Know how to shut off the pump at the breaker box in case of a burst pipe.

For those with cold sensitive plants, cover them up or bring them into shelter if possible. Freezes are possible well into May and the local lore dictates that when planting a garden, put the seedlings out after Mother’s Day.

Pets and livestock present unique winterizing challenges. Arrangements can be as simple as making sure the family pooch is in at night or as complicated as building and maintaining shelter systems for outdoor-only animals.

For most livestock, it is protection from wind and precipitation that are paramount. Animals naturally grow winter coats that insulate them from biting cold in most cases. An animal’s fur or hair stands up when it is cold, a process called piloerection. This natural reaction results in a layer of warm air trapped in close to the skin. Blanketing large animals such as horses usually is only necessary in inclement weather, to protect them from the rain or snow but not especially from the cold. For example, most horses are not uncomfortable in temps as low as 10 or 15 degrees, but if they get wet, they can be miserable. If the livestock is shivering, they are cold.

Shelter is important. Wintertime newborns need special accommodations, and owners need to be informed and clever.

“We had a litter of pigs born yesterday,” Cadi Thayer said. “I bought the mama bred, but I’m not of fan of winter births; they are too hard. We built a creeper box for the piggies. They get out through a short cut in mom’s pen and go inside their own box fitted with deep straw and a heat lamp safely secured a safe distance at the top of the box. It’s all enclosed except for the entrance. Mom can’t lay on them or steal their heat source that way.”

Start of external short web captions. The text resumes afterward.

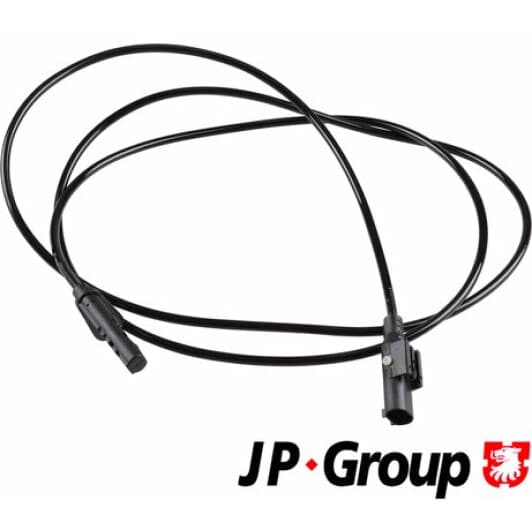 1397106780 JP Group Датчик ABS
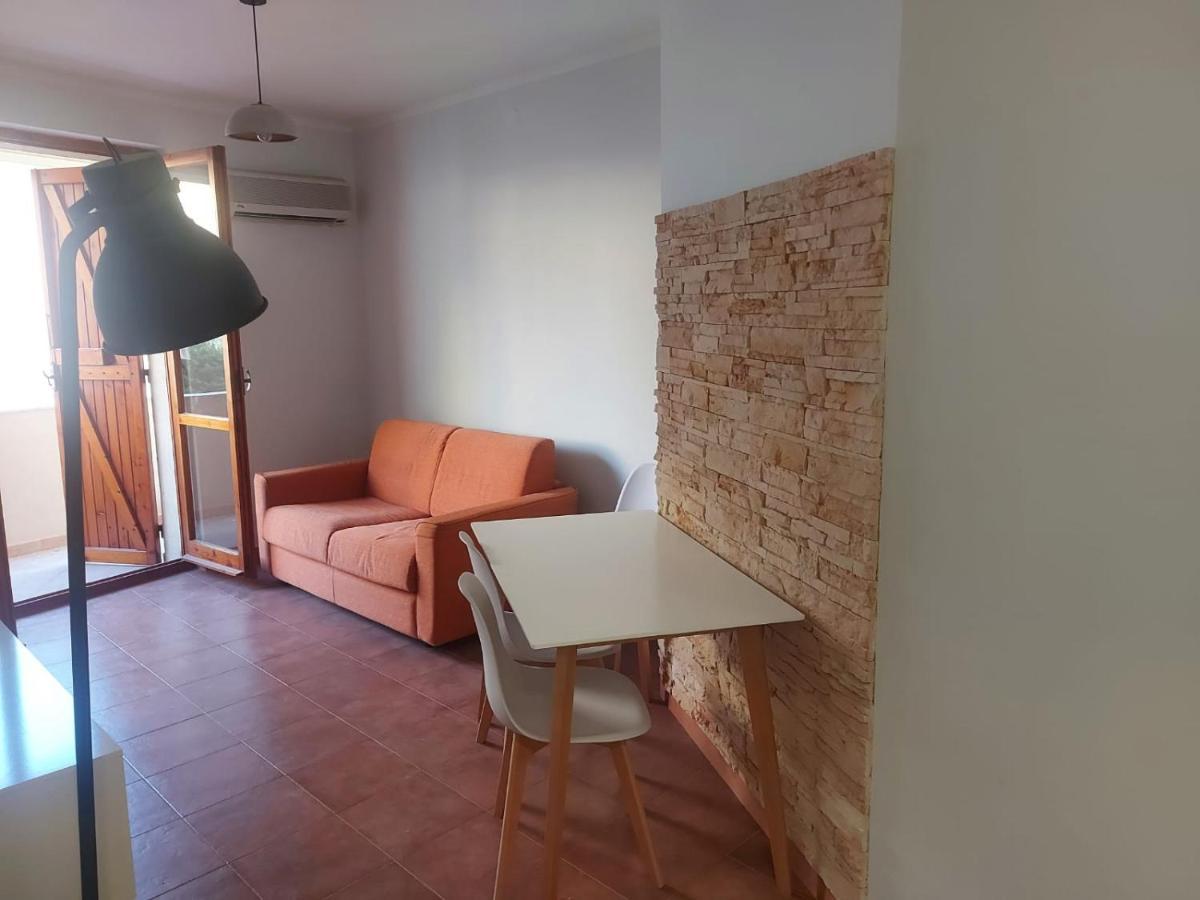 Sardegna27 Apartment Alghero Ngoại thất bức ảnh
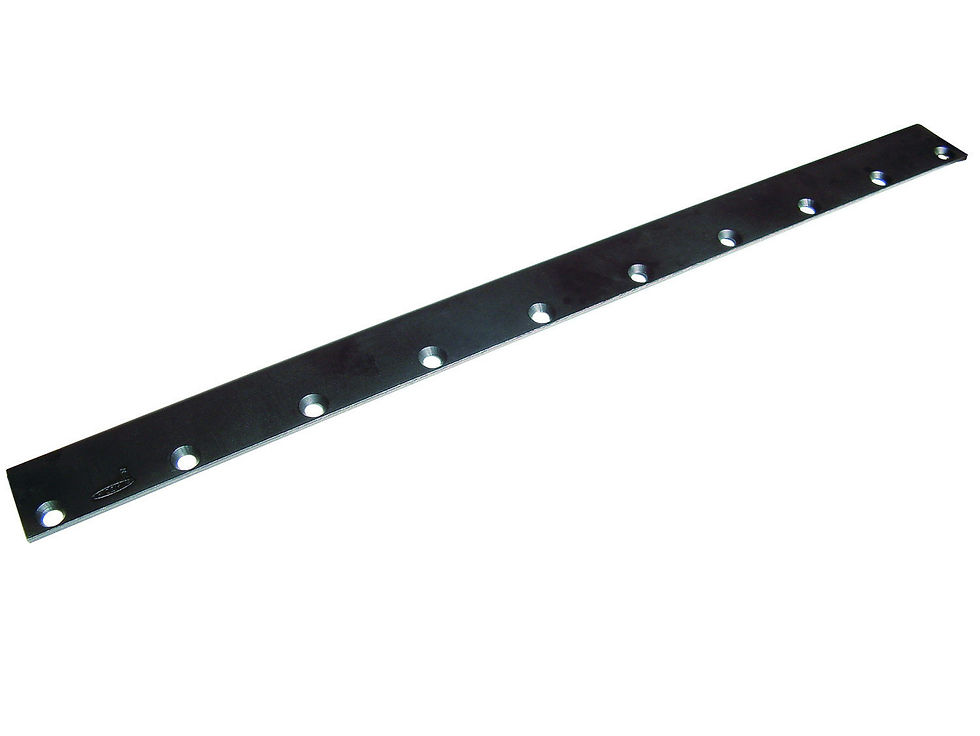 OCEANTURF FAIRWAY BEDKNIFE OT 94-5079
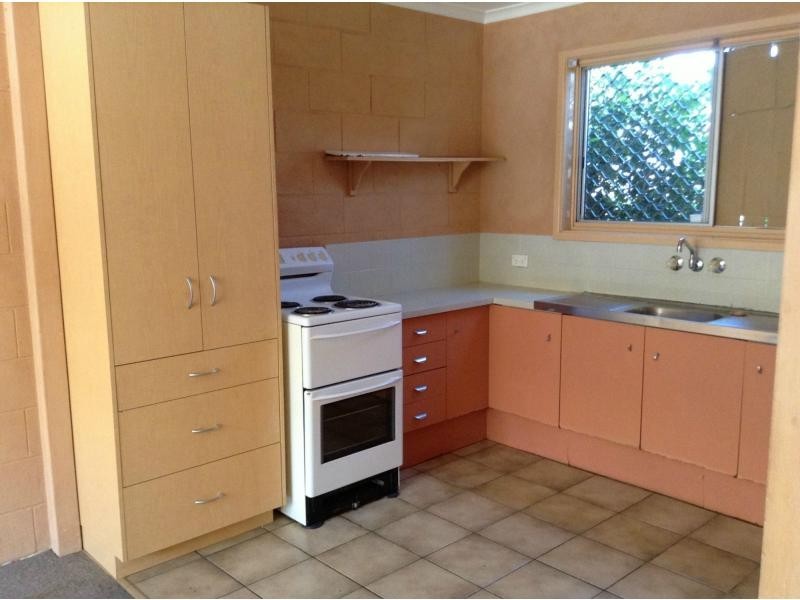 8/39 Catherine Street, Beenleigh QLD 4207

Poultry, small livestock and young animals do well for the most part with adequate shelter, but sometimes when it really freezes hard, heat lamps can give just enough heat to take the edge off and make them more comfortable. Make sure the lamp cannot be reached by the curious animals and that all electrical cords are safely tucked out of reach as well.

Animals that are eating are generally warm. They also need more food this time of year to help with the energy demands of keeping warm. Weak, old or very young animals will need special attention in the food department and offered more calories than more vigorous critters.

Make sure to break the ice in water containers, to ensure that the animals drink enough to remain as healthy as possible. Keep in mind that animals are not people, and most can tolerate cold much better than we can and have a higher tolerance for low temperatures.

Winterizing vehicles is a must. Check antifreeze, brakes, heater and defroster, tires and windshield wipers to make sure they all perform as needed. It is a good idea to keep the gas tank at least half full of fuel in case of an emergency. Emergency kits and portable cellphone chargers, ice scrapers, blankets and jumper cables can be stashed in the trunk. Get snow chains and learn how to use them.

Electric service can be interrupted in extreme cold weather. Be prepared with an emergency kit, extra blankets, coats and other winter gear. For those with a fireplace, make sure to have a good supply of dry firewood to carry over in case of an emergency. Have the chimney inspected and cleaned every autumn.

People who must have electricity to operate medical equipment should have an alternate plan in place in case power is out for an extended period of time.

“If you or someone in your household is on life support, please be sure and let us know,” according to the Anza Electric Cooperative website. “Identification tags are also placed on meters to alert crews of the existence of a life-support system. With the member’s permission, copies of AEC’s life-support list are forwarded to the local fire stations so they also may be aware of a member’s special needs. Because power outages can’t always be controlled and the duration of the outage may be extensive, it’s important to maintain a sufficient backup supply of oxygen or other medical equipment you may need during this time.”

Hopefully the next bout of cold air will find everyone prepared and not inconvenienced. A little anticipation and forethought can help make the cold snaps much less stressful.